Background: Adverse events (AEs) occur in the majority of long-term childhood cancer survivors, especially in those treated with cranial radiotherapy (CRT). Purpose: To evaluate the prevalence and severity of clinical AEs and treatment-related risk factors in childhood cancer survivors treated with CRT, and to assess dose-effect relationships using the equivalent dose in 2-Gy fractions (EQD2). Methods and materials: In a cohort of 1362 Dutch childhood cancer survivors diagnosed between 1966 and 1996 with a median survival of 17.0 years (range 5.0-38.1) after diagnosis, 285 survivors had CRT. To correct for fractionation dose, individual CRT-doses were converted to the EQD2 using the linear-quadratic model. A complete inventory of standardized graded AEs was available from our hospital-based late effects follow-up program.

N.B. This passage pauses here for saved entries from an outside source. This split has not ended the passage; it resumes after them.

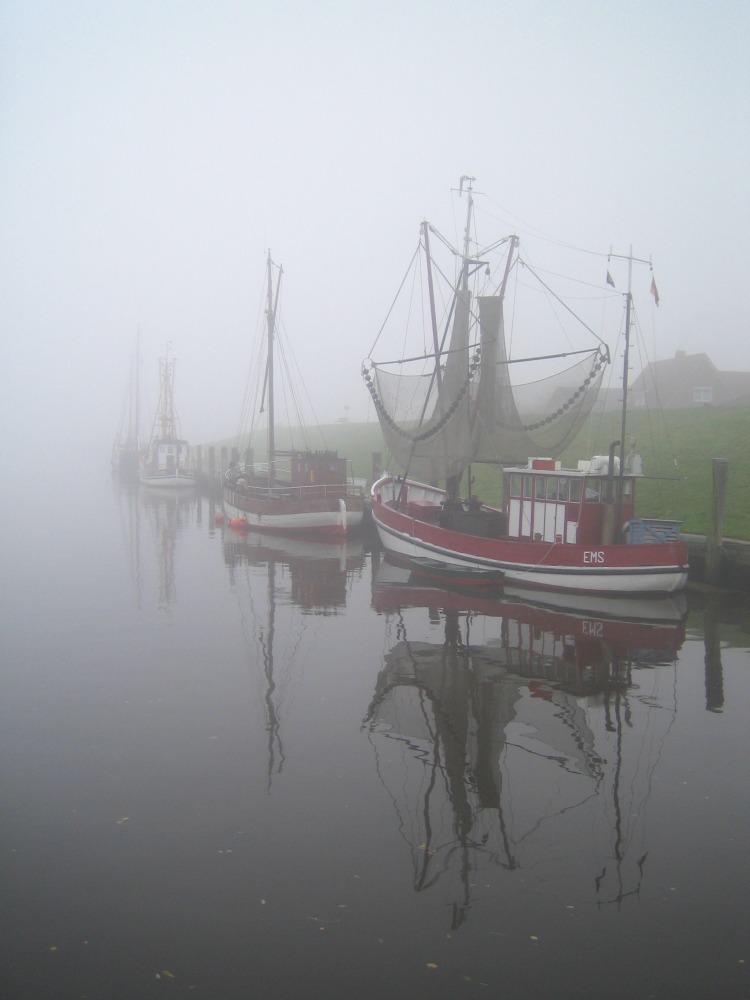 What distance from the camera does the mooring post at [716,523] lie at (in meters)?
21.3

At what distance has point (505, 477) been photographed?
24.8 m

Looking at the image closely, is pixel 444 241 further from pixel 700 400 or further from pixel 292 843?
pixel 700 400

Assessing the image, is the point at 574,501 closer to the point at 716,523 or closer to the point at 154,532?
the point at 716,523

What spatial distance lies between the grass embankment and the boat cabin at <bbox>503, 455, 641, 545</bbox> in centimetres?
374

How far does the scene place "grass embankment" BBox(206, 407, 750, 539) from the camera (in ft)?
→ 85.1

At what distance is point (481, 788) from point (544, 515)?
1521 centimetres

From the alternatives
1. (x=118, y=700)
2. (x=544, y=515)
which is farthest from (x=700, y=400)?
(x=118, y=700)

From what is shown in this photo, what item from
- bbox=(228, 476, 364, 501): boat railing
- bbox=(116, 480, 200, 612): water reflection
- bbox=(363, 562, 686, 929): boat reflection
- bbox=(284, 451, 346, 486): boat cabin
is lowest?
bbox=(116, 480, 200, 612): water reflection

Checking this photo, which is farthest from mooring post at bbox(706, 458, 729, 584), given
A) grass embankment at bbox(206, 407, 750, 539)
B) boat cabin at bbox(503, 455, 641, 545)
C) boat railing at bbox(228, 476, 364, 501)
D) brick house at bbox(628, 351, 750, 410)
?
brick house at bbox(628, 351, 750, 410)

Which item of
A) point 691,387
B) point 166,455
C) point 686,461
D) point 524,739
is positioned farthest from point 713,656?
point 166,455

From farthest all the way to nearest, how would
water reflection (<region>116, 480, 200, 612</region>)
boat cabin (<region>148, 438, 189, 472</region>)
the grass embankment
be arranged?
1. boat cabin (<region>148, 438, 189, 472</region>)
2. the grass embankment
3. water reflection (<region>116, 480, 200, 612</region>)

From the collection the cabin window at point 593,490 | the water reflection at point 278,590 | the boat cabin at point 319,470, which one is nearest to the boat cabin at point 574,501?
the cabin window at point 593,490

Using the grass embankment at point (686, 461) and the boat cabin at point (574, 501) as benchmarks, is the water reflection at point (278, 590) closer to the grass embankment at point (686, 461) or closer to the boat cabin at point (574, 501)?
→ the boat cabin at point (574, 501)

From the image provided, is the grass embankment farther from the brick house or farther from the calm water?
the brick house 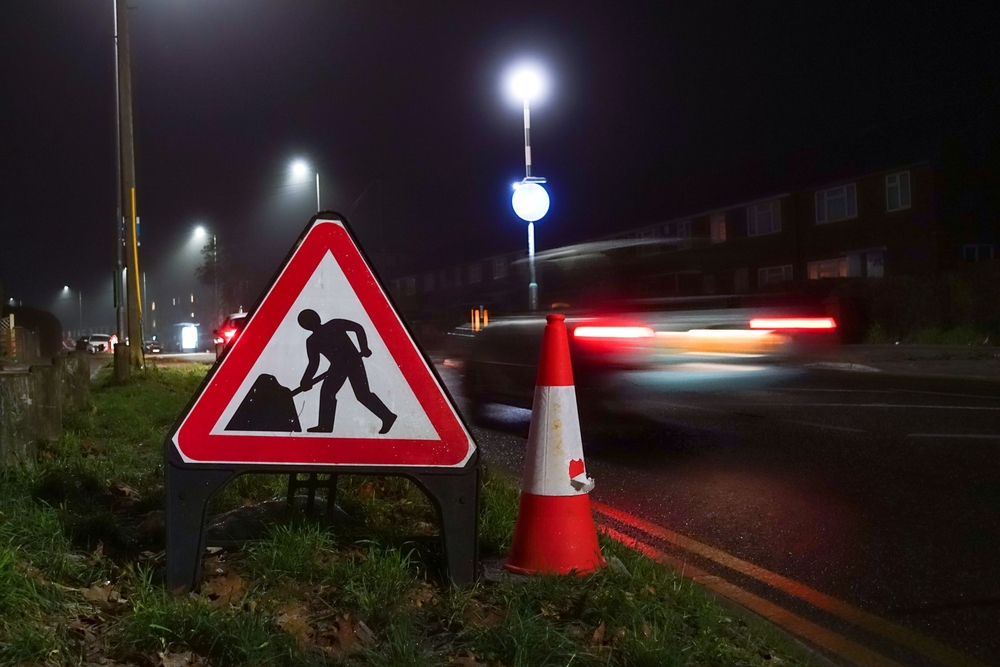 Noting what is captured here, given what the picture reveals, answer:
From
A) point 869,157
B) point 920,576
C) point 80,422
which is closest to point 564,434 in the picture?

Dose-effect relationships for the prevalence and severity of AEs were assessed by multivariable logistic regression stratified for brain tumor survivors and survivors of other cancers. Results: The prevalence of AEs was significantly higher in the CRT group compared with the non-CRT group; respectively 81.2% vs. 53.4% of survivors had more than 1 AE (p<.001), and 46.3% vs. 19.2% had at least 5 AEs (p<.001). Significantly more survivors treated with CRT had at least 1 severe, life-threatening or disabling event compared with survivors not treated with CRT (respectively 45.1% vs. 34.8%; p=.002). Alopecia, cognitive, endocrine, metabolic, and neurologic events were among the most frequently scored AEs. Our analyses showed significant dose-effect relationships for these and other AEs. Stratified analyses suggested slightly stronger dose-effect relationships in survivors treated for other cancers than brain tumors. Conclusion: Our results confirm that CRT increases the prevalence and severity of AEs in childhood cancer survivors. Furthermore, taking fractionation dose into account by EQD2 measurements adds strength and precision to the assessment of dose-effect relationships.